You have been drawn in Group E with Lebanon, Korea DPR and Saudi Arabia. How do you expect those games to unfold?
A: None of those are easy teams since they’ve all made it to the finals. Our first game will be against Lebanon and usually the opening matches are tough as each side is trying to avoid defeat. But we’ll insist on going for all three points because that’s the key to further progress. In the second game, we’ll be up against Korea DPR, a team with an east-Asian football style and we have an idea about how to play against them. The third game will be against Saudi Arabia, who featured at the World Cup last summer and acquired considerable experience. comes and play the 90 minutes of every match with a view to qualifying. Then we’ll see what we do in the subsequent rounds.
This will be your first major tournament with the senior national team. What are your personal ambitions?

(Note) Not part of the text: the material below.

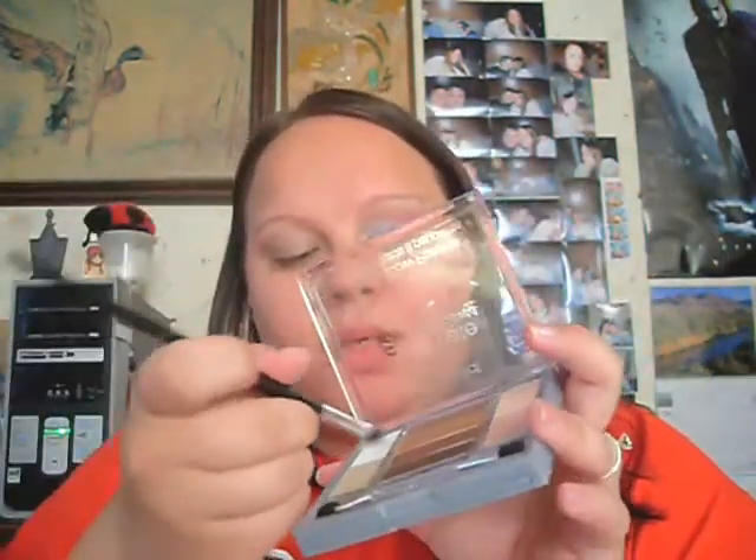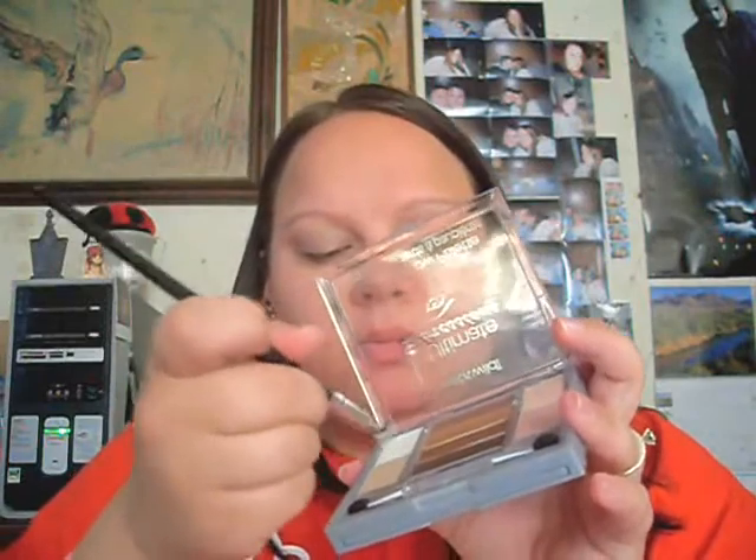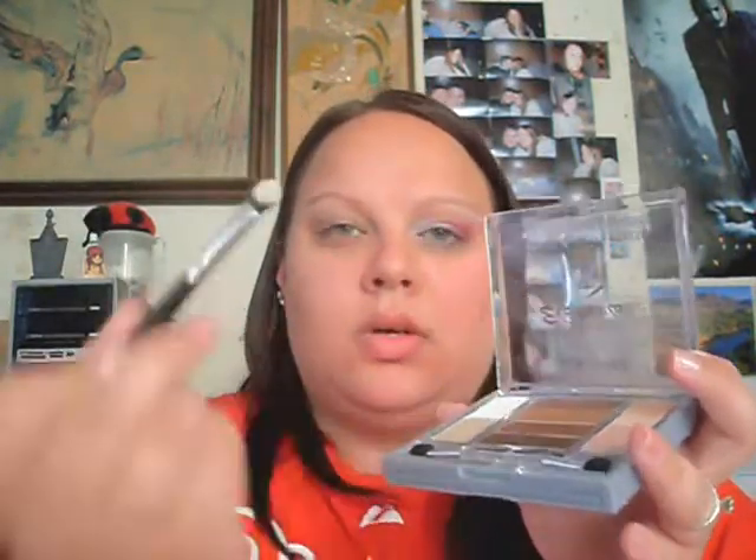Blend it up to about above your crease. Then take your flat shader brush — I'm using the one from the Coastal Scents 13-piece Retro set — and take the shimmery white shade from my Fine Lab palette in Sandcastle. Put it all over your lid up to the crease.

I’m definitely excited about wearing the Qatar shirt and experiencing this great honour. From day one, I dreamed about taking part in tournaments like this. I remember being a supporter of the team during the 2011 finals in Qatar. Eight years later, my dream is coming true. I hope I can meet the expectations of the fans and give them the happiness they deserve. I’m not interested in personal accolades. I’m completely focused on serving my team so we can all achieve our ultimate goal of raising Qatar’s football profile.

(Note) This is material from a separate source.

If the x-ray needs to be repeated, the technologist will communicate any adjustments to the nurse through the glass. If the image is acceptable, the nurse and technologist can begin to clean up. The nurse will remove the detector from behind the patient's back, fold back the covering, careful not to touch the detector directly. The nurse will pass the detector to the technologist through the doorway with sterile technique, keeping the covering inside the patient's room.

You have impressed this season with both the national team and Al Sadd. Do you feel any personal pressure and do you expect the other teams to single you out?

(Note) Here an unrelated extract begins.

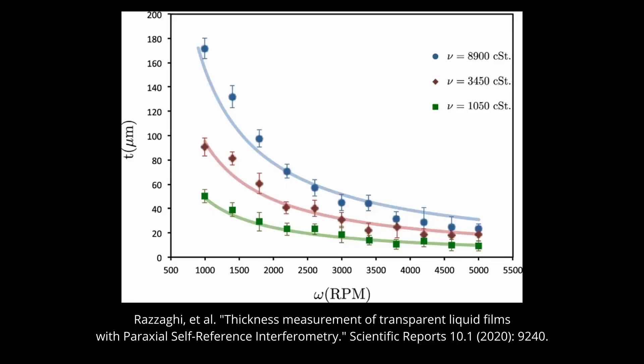The process is very repeatable. The only major factors that determine the coating thickness are the viscosity of the liquid and the spin speed. How consistent you can get this thickness really depends only on how accurately you can control the RPM of the motor.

I’ve reached this level thanks to hard work and perseverance with both club and national team. But the credit mainly goes to the support of my teammates and how we’ve implemented the coach’s instructions, as well as our teamwork and belief that the team must always come first. So, personally, I don’t fear pressure, and if there’s pressure I’ll turn it into a positive. If I find myself under man-to-man pressure, that won’t be a big deal as I’m not the only player in the team. My teammates are capable of compensating for that in their own positions. We know the coach has effective solutions to all these tactical issues. I’m fully convinced that no single player in the world can do the job of a whole team. Football is a game of teamwork.
You made history when you became the first Qatari to play in La Liga. How would you describe that experience?
After the U-20 World Cup in 2015, I received an offer from Eupen in Belgium. I had the ambition of playing in Europe because that’s the normal route for development. I think I did well there, scoring eight goals in 26 appearances. The following season, I received an offer from Villarreal in Spain. I couldn’t have turned down that opportunity. I moved there and started a new experience in my career. Everyone knows what La Liga means. For me, every training session there was a new lesson. I was then loaned to Sporting Gijon, and I had a chance to feature in games. I was then loaned to Eupen again last season and after that, I received an offer from Al Sadd. I’m happy with what I’m doing here this season. I hope I’ll be able to help the club regain the league title and other trophies, especially after we missed out on the Champions League title. I’m still a Villarreal player, and I’ll see how things develop at the end of the season.
The national team is preparing for the 2022 World Cup. How do you see the next stage developing?
We’re all very enthusiastic, and everyone wants to have the honour of playing in this historic World Cup for the Qataris and every Arab. We know that the Qatari Football Association will organise a series of training camps and international games over the next four years to raise our level so that we’ll be fully ready. In the summer, we’ll participate in the 2019 Copa America. That’ll certainly be an exciting experience. Playing against historic teams and on Brazilian pitches will give us global experience, and from that point we’ll build for the future.